In one embodiment, the disclosure includes a network element, comprising a memory that comprises a pending interest table, a receiver operably coupled to the memory and configured to receive an extended interest message in an information centric network, a processor operably coupled to the receiver and memory and configured to determine a desired content according to the extended interest message, determine a prescribed QoS level requested for delivering the desired content to a client, record a path state in the memory, record a return route in the pending interest table of the memory, wherein the return route comprises a route through the information centric network to a return address of a previous location in the information centric network, and determine a next location in the information centric network to which the extended interest message is to be sent, and a transmitter operably coupled to the processor and configured to transmit the extended interest message to the next location in the information centric network.
In another embodiment, the disclosure includes a method implemented in a network element for routing an extended interest message in an information centric network, comprising receiving the extended interest message from a downstream node in the information centric network, determining, according to the extended interest message, data content to be retrieved, recording a return path from the network element to the downstream node in the information centric network in a pending interest table, recording a path state in the network element, and transmitting the extended interest message to an upstream node in the information centric network.
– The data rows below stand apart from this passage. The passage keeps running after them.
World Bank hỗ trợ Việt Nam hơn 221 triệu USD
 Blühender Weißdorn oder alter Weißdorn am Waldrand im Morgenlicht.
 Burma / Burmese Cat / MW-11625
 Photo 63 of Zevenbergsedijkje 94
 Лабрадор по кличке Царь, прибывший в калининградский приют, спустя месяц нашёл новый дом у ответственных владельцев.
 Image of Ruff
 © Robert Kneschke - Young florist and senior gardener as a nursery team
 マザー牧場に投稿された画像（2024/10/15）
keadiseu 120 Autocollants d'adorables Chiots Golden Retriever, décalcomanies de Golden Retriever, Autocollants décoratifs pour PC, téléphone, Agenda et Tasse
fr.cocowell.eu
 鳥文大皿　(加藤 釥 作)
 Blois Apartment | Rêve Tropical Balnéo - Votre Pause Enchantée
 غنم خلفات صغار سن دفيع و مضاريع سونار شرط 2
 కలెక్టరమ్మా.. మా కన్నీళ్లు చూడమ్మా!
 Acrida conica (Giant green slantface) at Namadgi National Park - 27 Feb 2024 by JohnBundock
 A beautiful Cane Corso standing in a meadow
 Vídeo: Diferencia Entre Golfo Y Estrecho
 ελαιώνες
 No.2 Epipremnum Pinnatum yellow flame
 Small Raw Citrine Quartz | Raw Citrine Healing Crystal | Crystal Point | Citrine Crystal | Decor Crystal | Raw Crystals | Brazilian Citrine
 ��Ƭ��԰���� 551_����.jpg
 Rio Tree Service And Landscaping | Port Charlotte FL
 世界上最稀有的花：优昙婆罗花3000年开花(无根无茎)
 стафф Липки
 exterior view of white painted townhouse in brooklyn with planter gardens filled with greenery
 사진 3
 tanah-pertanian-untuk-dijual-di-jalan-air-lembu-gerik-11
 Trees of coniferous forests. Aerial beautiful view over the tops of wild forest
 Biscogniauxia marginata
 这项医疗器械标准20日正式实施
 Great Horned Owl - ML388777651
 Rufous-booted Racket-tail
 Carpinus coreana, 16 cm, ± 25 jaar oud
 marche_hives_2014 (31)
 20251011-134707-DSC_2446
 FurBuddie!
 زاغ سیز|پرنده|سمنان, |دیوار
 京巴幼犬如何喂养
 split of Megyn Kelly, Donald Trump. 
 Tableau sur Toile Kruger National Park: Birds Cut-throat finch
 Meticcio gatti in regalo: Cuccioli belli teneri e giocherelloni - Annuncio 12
In yet another embodiment, the disclosure includes a method implemented in a network element for routing data content in an information centric network, comprising receiving the data content from an upstream node in the information centric network, determining a downstream location in the information centric network for sending the data content according to an entry in a pending interest table of the network element, associating the data content with a minimum QoS level according to a path state of the network element, and transmitting the data content to the downstream location in the information centric network with the minimum quality of service level.
These and other features will be more clearly understood from the following detailed description taken in conjunction with the accompanying drawings and claims.
For a more complete understanding of this disclosure, reference is now made to the following brief description, taken in connection with the accompanying drawings and detailed description, wherein like reference numerals represent like parts.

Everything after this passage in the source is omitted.